We find no error in the order passed by the Tribunal especially when it is admitted that the decision in C.I.T. Vs. Manjunatha Cotton and Ginning Factory has attained finality. Thus, for the above reasons, the appeal filed by the Revenue is dismissed and the substantial questions of law are answered against the Revenue and in favour of the assessee.
The similar position where defective notices, were neither of limb is scored off, the notice is treated as defective. We noted that when the very defect is quashed by the Ld.CIT(A) in the first round, nothing survives for penalty on the remainder amount. When this was pointed out to the ld.Sr.DR, he could not controvert the above stated facet situation.
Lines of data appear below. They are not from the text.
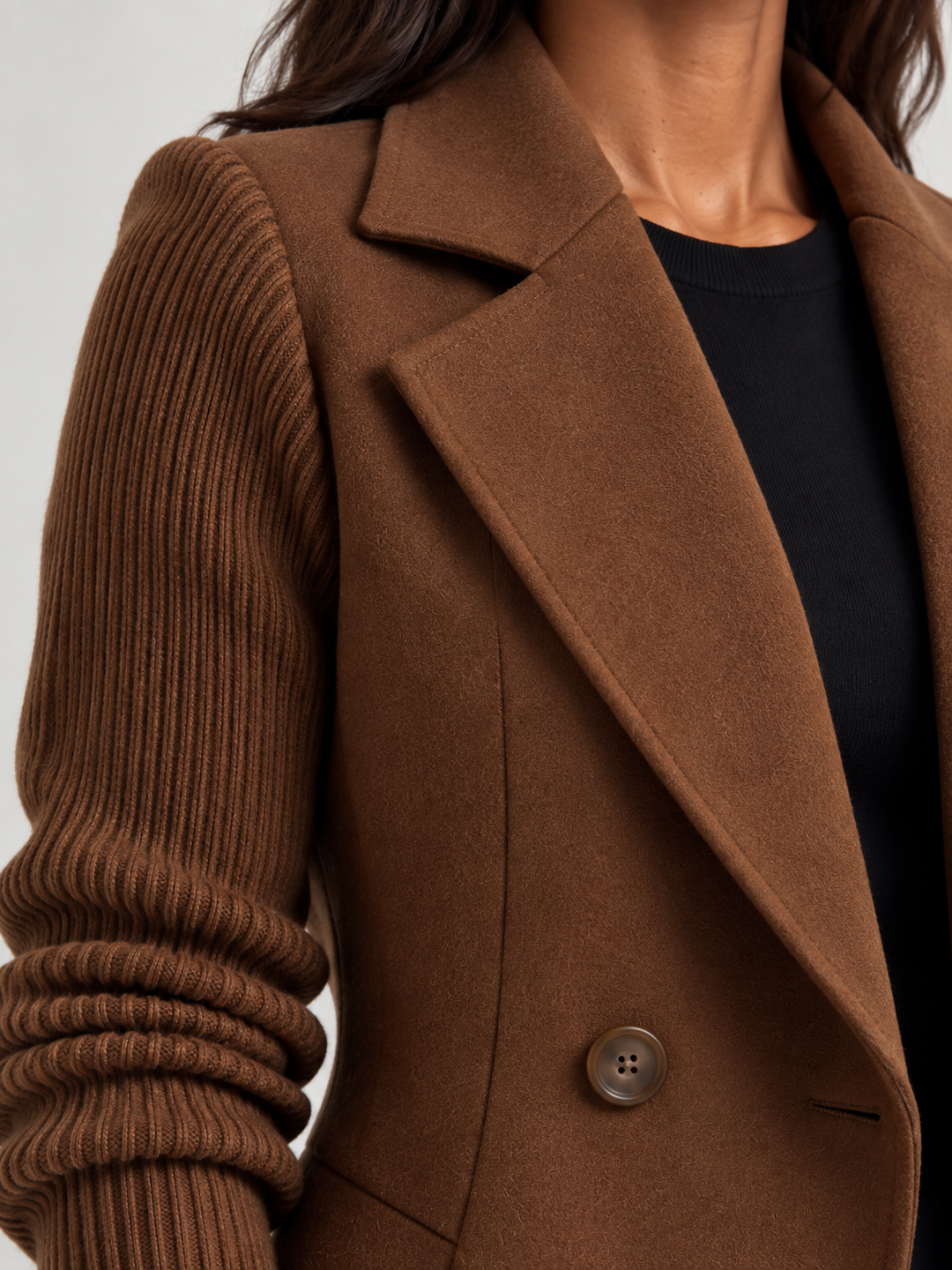 Clementine™ | Elegant Blazer with Knit Sleeves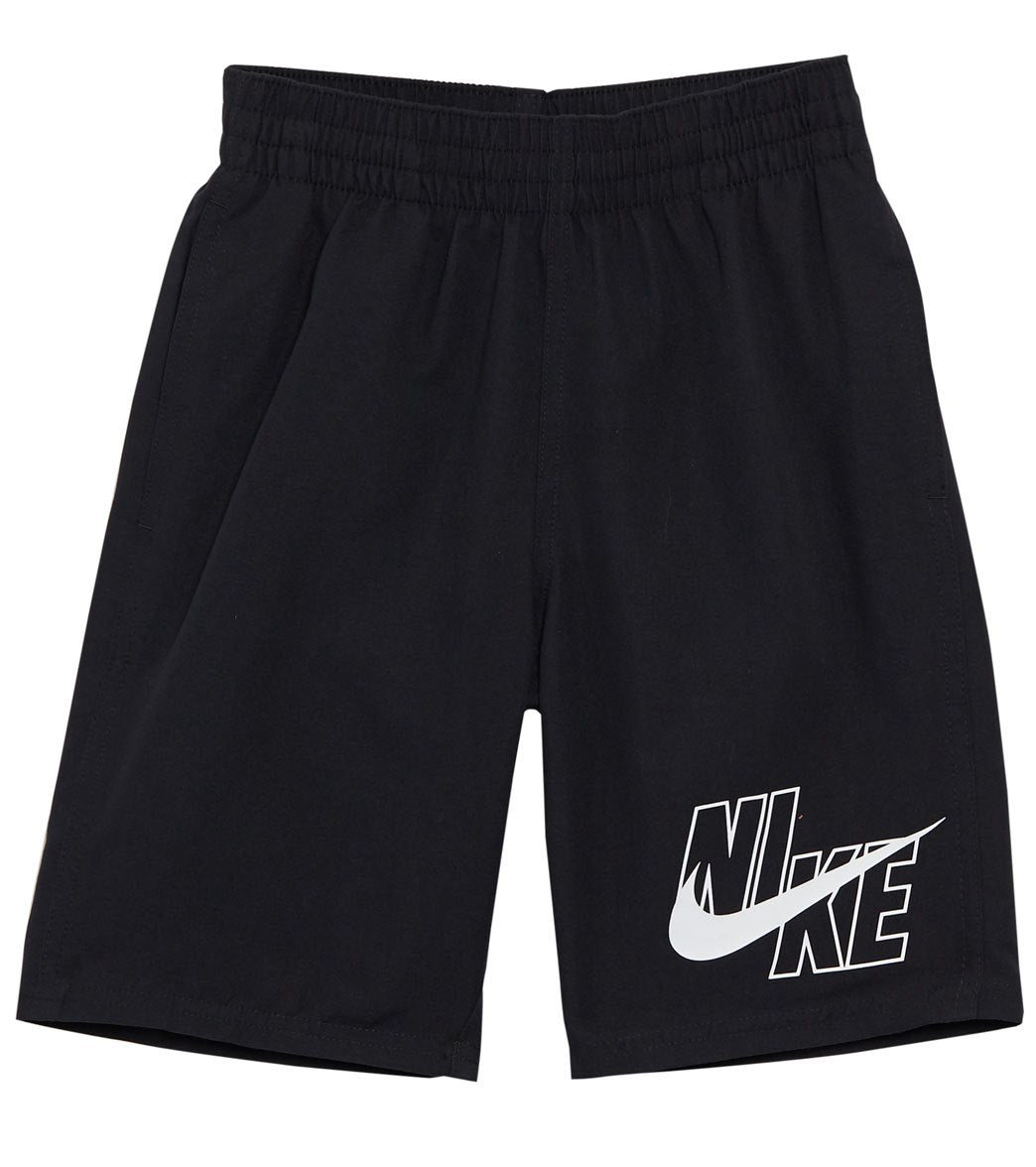Nike Boys' Logo Solid 8 Volley Short Big Kid - Black Small Polyester - Swimoutlet.com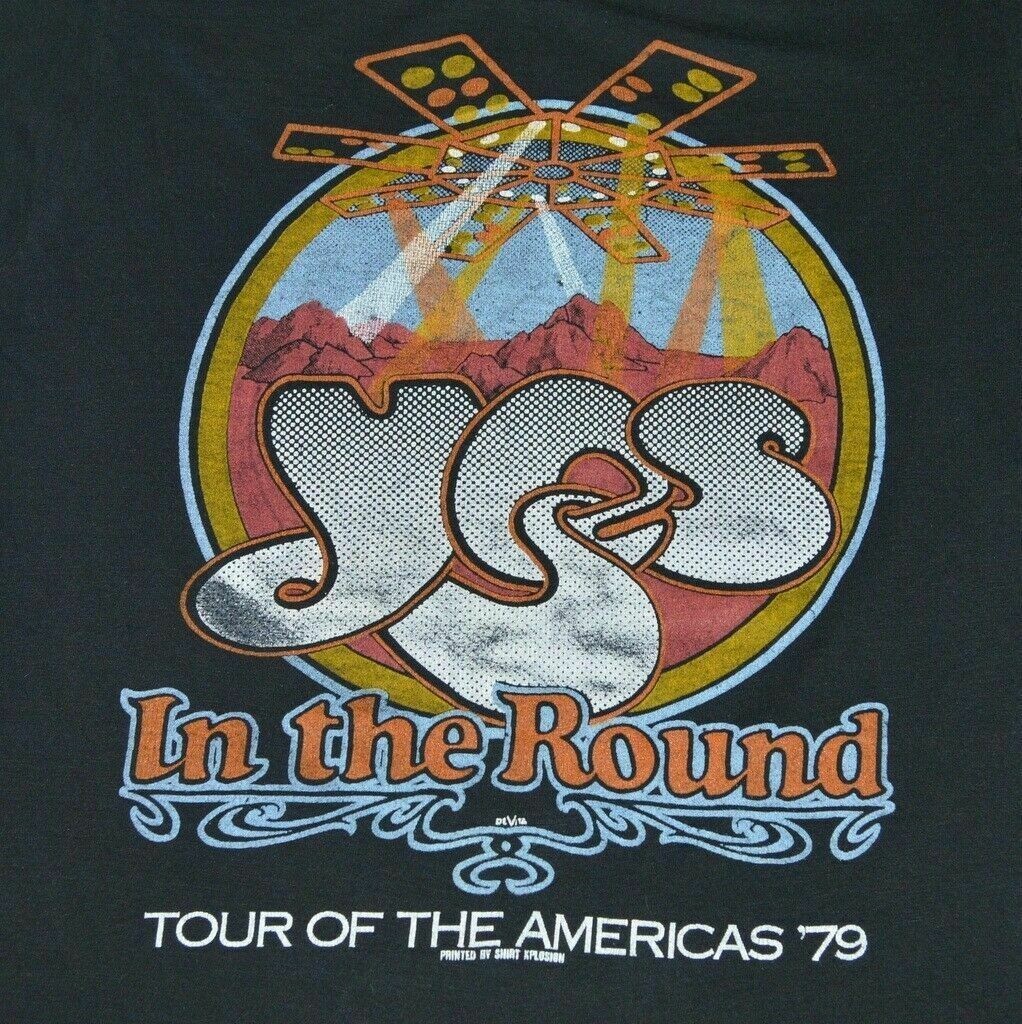 Yes Band In The Round Tour Cotton Black Unisex Full Size Shirt JU167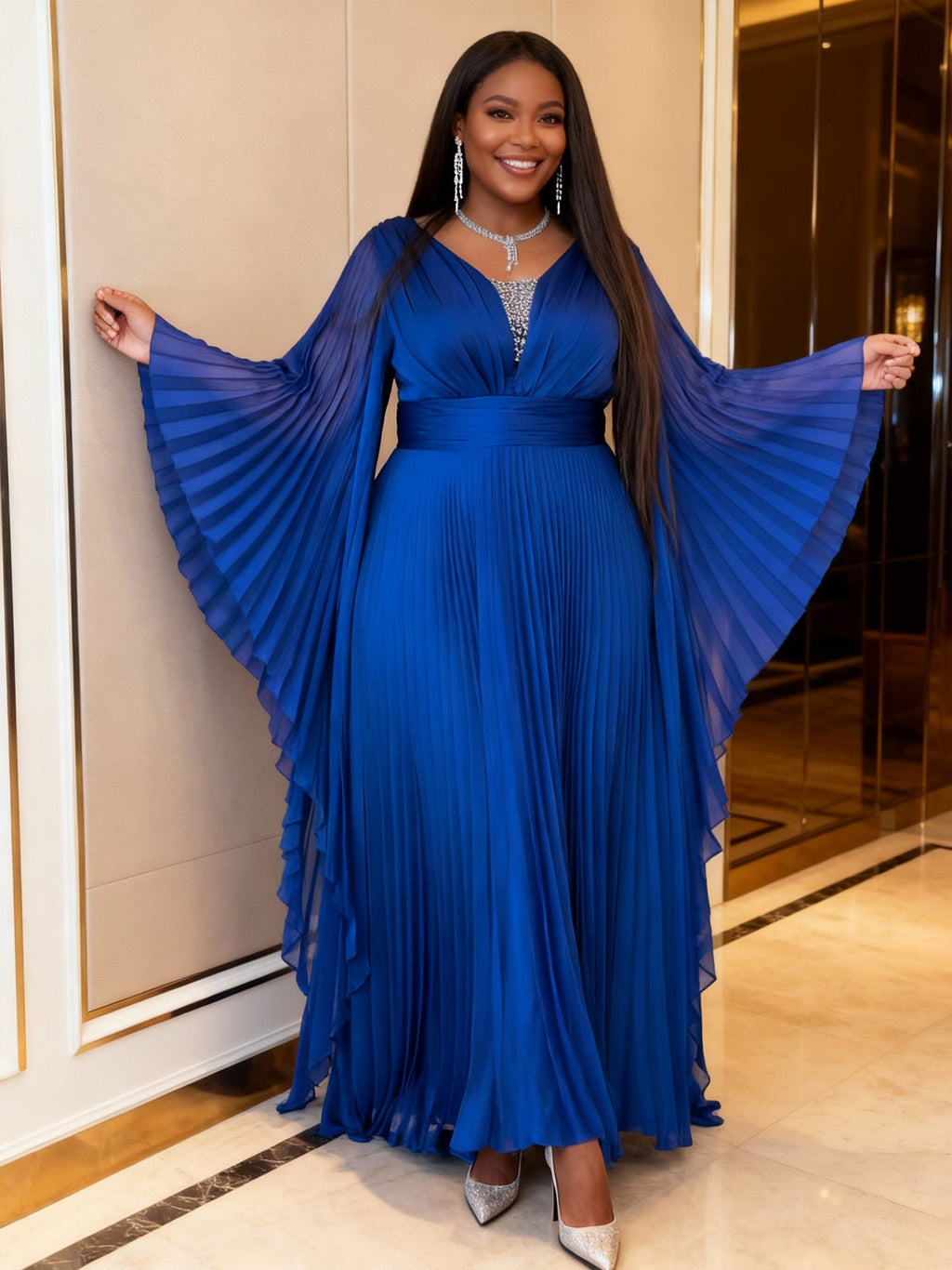 Plus-size Womens Batwing-sleeve Dress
As the issue is clear in the first round of appeal that the Ld.CIT(A) has deleted the penalty and Revenue is not in appeal against the order of the Ld.CIT(A) and hence, that has become final. However, the penalty levied in the second round will not survive, because the very case is jurisdictional issue goes to the root of the matter, once root is taken out, nothing survives. Hence, we deleted the penalty and allow the appeal filed by the assessee.
In the result, the appeal filed by the assessee is allowed.